Ursula M. Burns, born on September 20th 1958 grew up in the projects of Manhattan where she was raised by her single mother and her two siblings. Her father, having no contact or help in her childhood growth, had no bearing on her success as she quickly made a name for herself in her childhood education. Although Ursula’s mother was raising three young children, she quickly made a living to send her daughter to a private school giving her the best education possible in the projects.

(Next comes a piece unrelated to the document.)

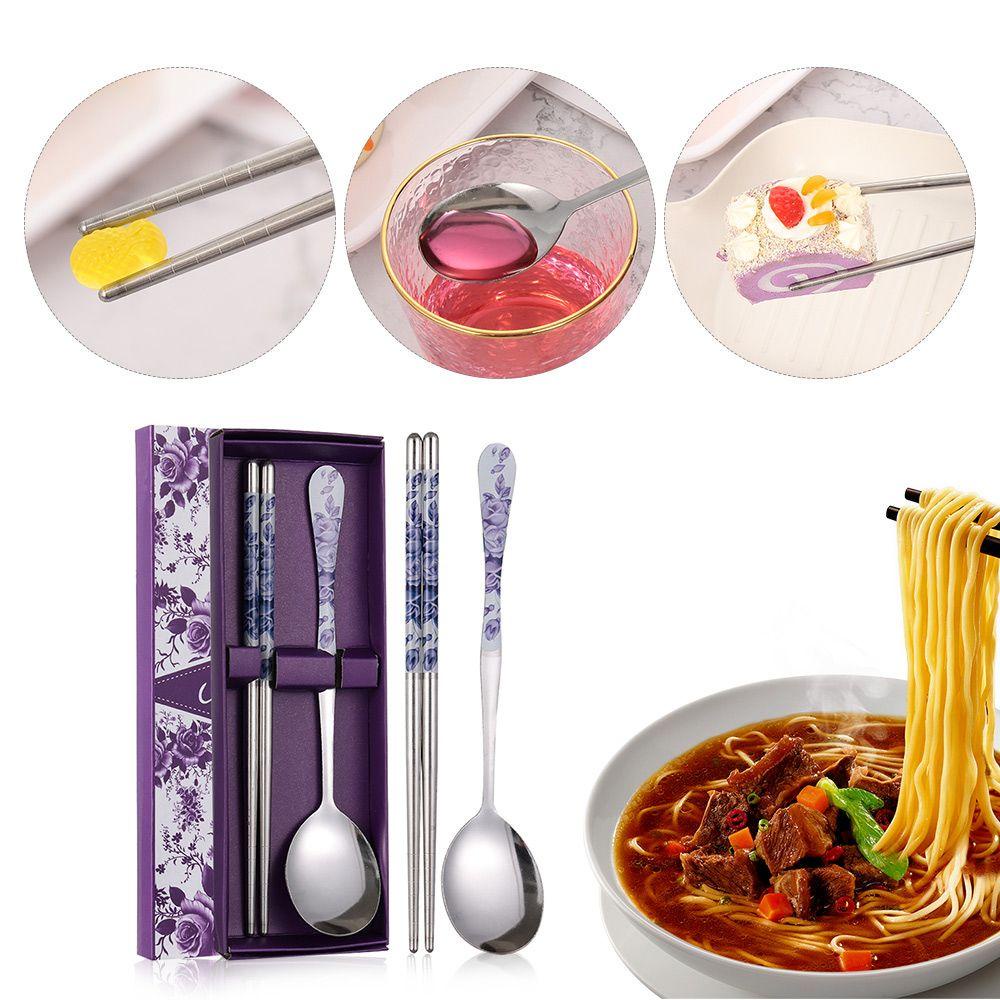 Set 2 Món Muỗng Đũa Họa Tiết Hoạt Hình Phong Cách Hàn Quốc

Ursula has always lived by the humble and strong quote that her mother drilled into her head as a young child, “Where you are is not who you are” (Burns, 2003. Para. 1). The quote obviously stuck by Ursula’s side as she pushed through her education. As a High School Graduate Burns was accepted into several Ivy League schools, but ultimately chose the lower profile Brooklyn Polytechnic University. “I came from a different place,” says Burns, “And that different place is positive, not negative. [It] gives me a different way to look at things, a different way to attack a problem” Says Burns (Women Working, 2003. Para. 3). Burns believes that although she came from a though neighborhood and poverty driven life-style, she drove through the issues and problems which eventually led her to the humbling parts of her college years. After being accepted into the Higher Education Opportunity Program, the program director Connie Costa asked Burns to lead a tutoring group, helping other college age students succeed such as she was. After receiving many humbling opportunities such as the HEOP program, Ursula began working on her Masters Degree in Mechanical Engineering at Columbia University after receiving her Engineering Degree from the Polytechnic Institution. While working on her Masters program, Burns took an internship at the XEROX Corporation in the year 1980.

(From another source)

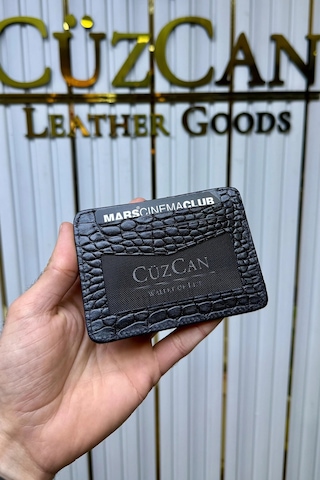 Cüzcan Jorvik Patlı Hakiki Deri Premium Kartlık Kişiye Özel İsim Baskılı Siyah Croco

What is revealed as Ursula Burns most pin point skill is her ability to stand up for what is right and what is wrong. In her rookie year as an inter with the XEROX Corporation, Burns quickly made it clear that she was afraid of no one, even the Xerox Executives. While attending a meeting in 1980 Burns stood up to speak her mind after XEROX Executive Wayland Hicks made a comment on diversity in the company. [I] basically told him that he was wrong–that the response should have been more disciplinary than an educator response. We got into a little debate in front of the room” Says Burns (Women Working, 2003. Para. 5). Although most Executives would immediatly dismiss an intern for such behavior, Wicks felt that Ursula had spoke her mind confidently, and took in every minute of it.
After starting off with an open mind and confident head, Burns quickly sharpened her skills with the Corporation, starting her career that is still in tact as the present XEROX Corporation President. According to CEO Ann Mulcahy, “She is the ultimate straight-shooter” (Burns) (Power, 2006. Para. 3).